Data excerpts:
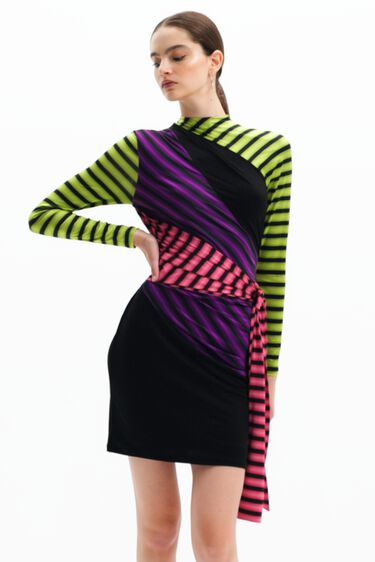 María Escoté short striped dress | Desigual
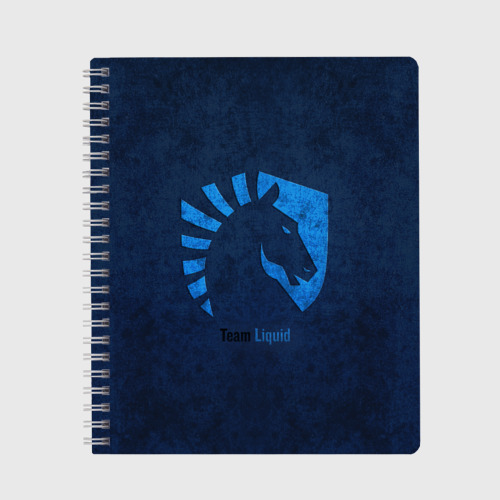 Тетрадь Команда Team Liquid, цвет точка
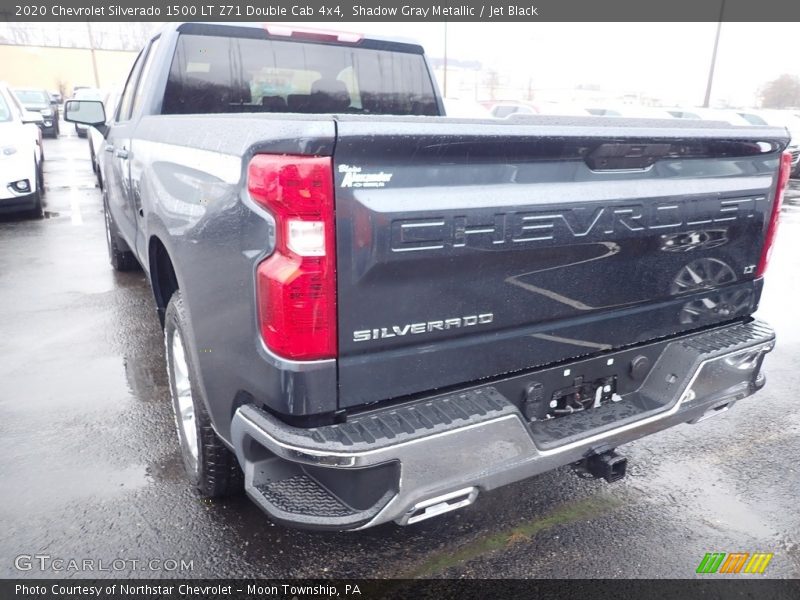 Shadow Gray Metallic / Jet Black 2020 Chevrolet Silverado 1500 LT Z71 Double Cab 4x4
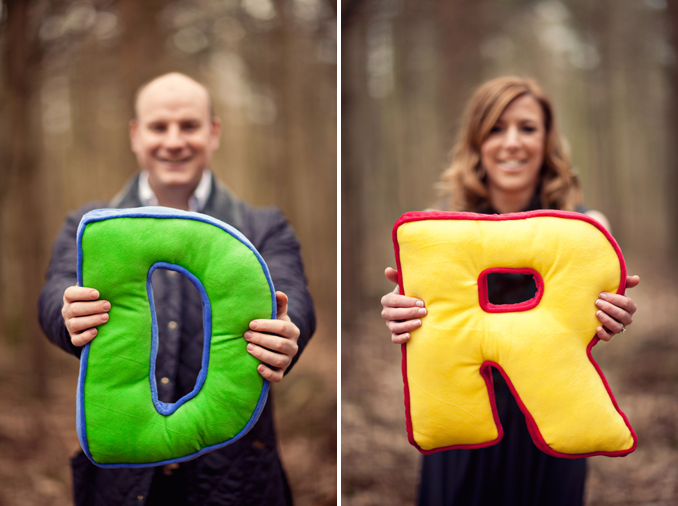 cute forest engagement session by STUDIO 1208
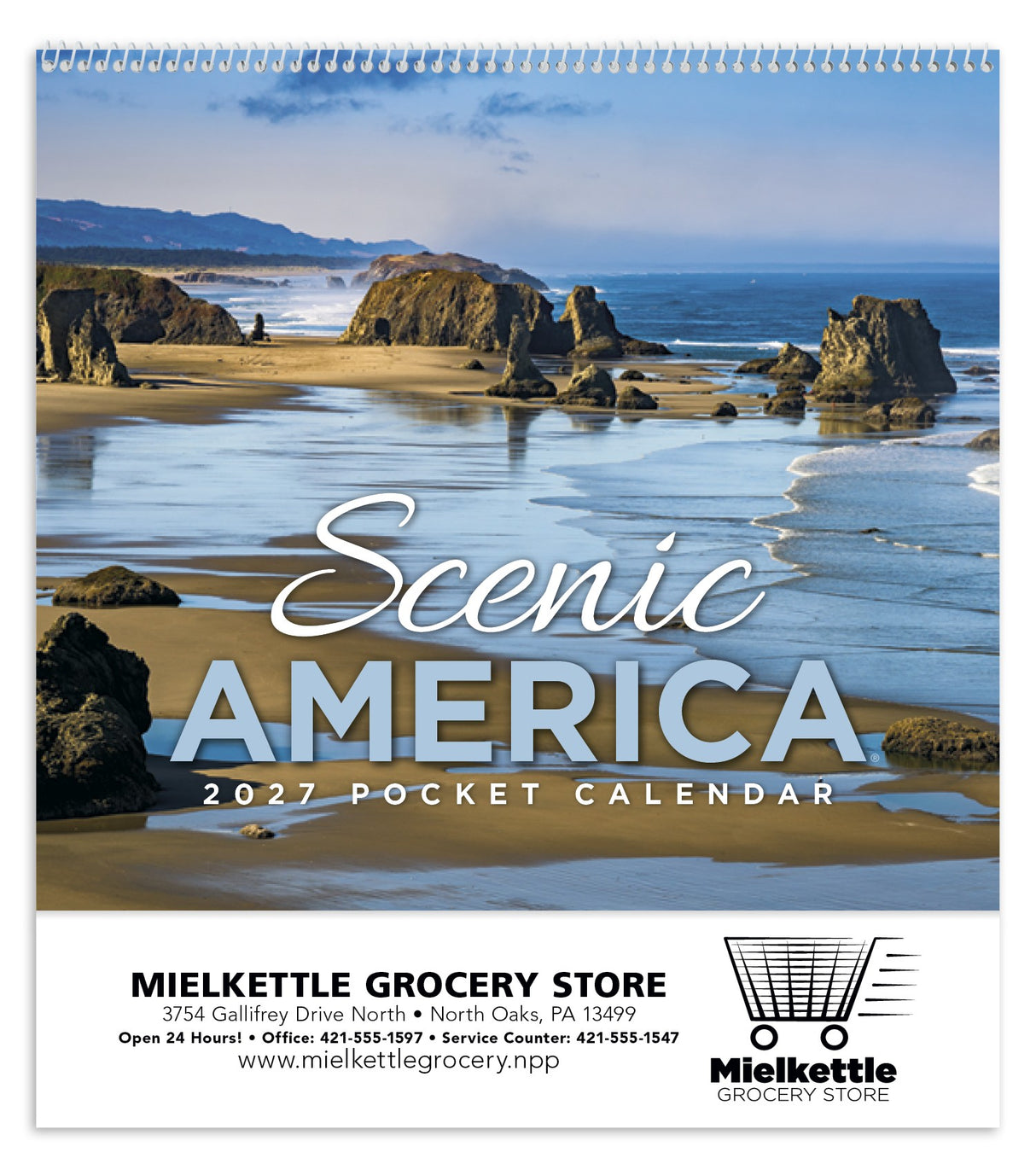 HotLine Products Scenic America Pocket Calendar cover image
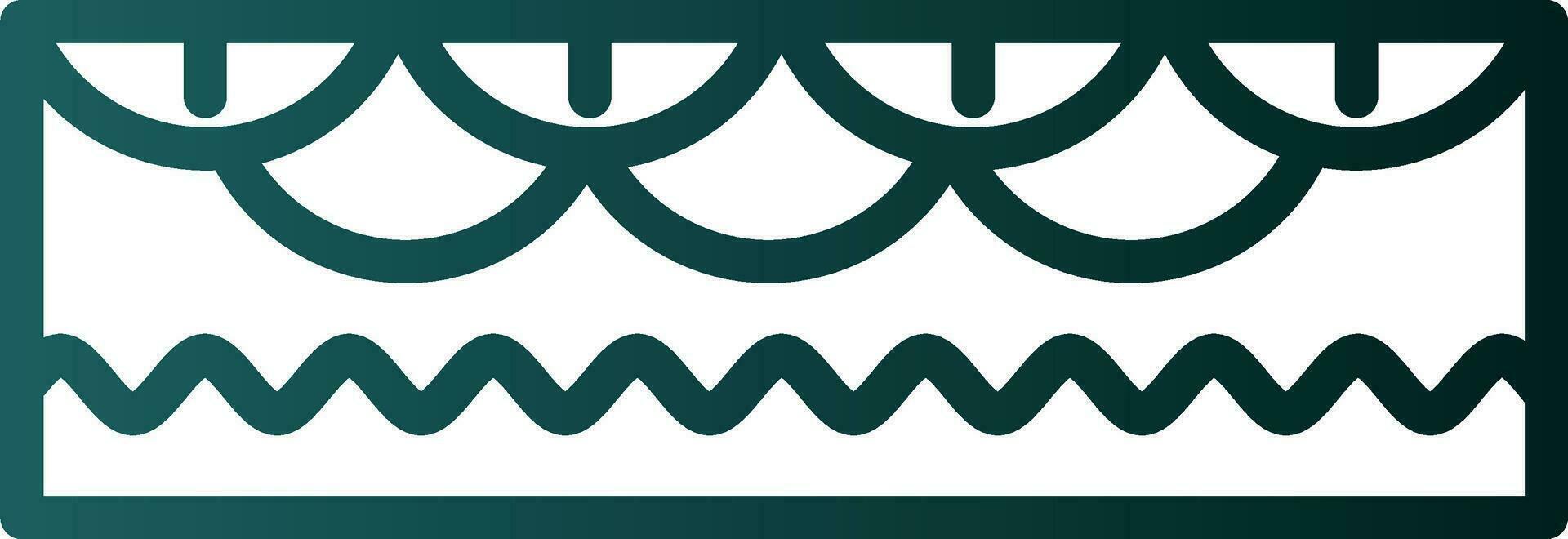 Lace Vector Icon Design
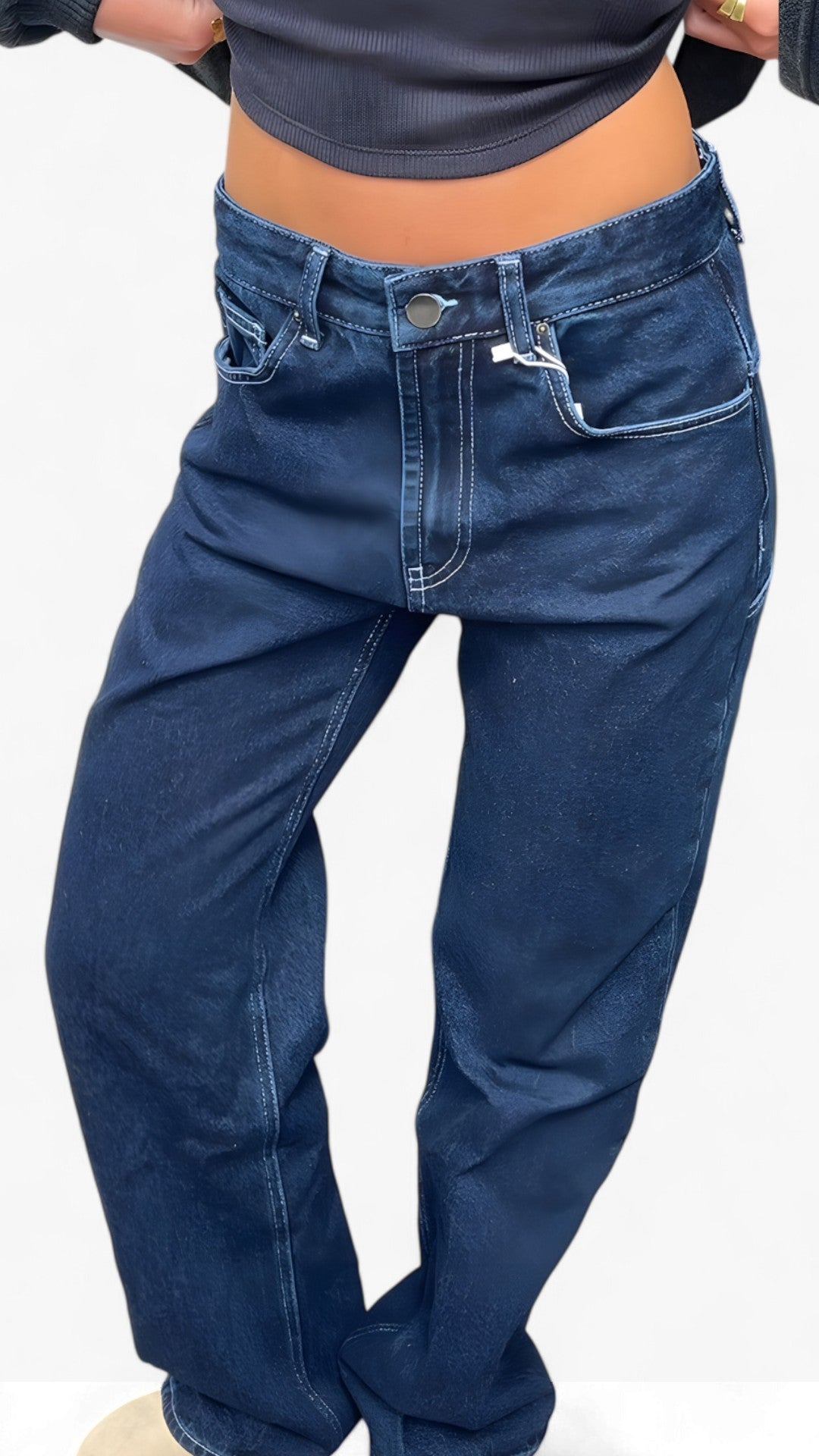 Jeans a vita bassa con stampa a stelle - - pants pants for women - Concept Palermo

■ WHAT YOU SHOULD DO ■
Repeat exactly the lines in the entries from the one containing "Тетрадь Команда Team Liquid, цвет точка" to the final line, inclusive, and nothing beyond them; skip pictures.

■ WRITTEN ANSWER ■
 Тетрадь Команда Team Liquid, цвет точка
 Shadow Gray Metallic / Jet Black 2020 Chevrolet Silverado 1500 LT Z71 Double Cab 4x4
 cute forest engagement session by STUDIO 1208
 HotLine Products Scenic America Pocket Calendar cover image
 Lace Vector Icon Design
 Jeans a vita bassa con stampa a stelle - - pants pants for women - Concept Palermo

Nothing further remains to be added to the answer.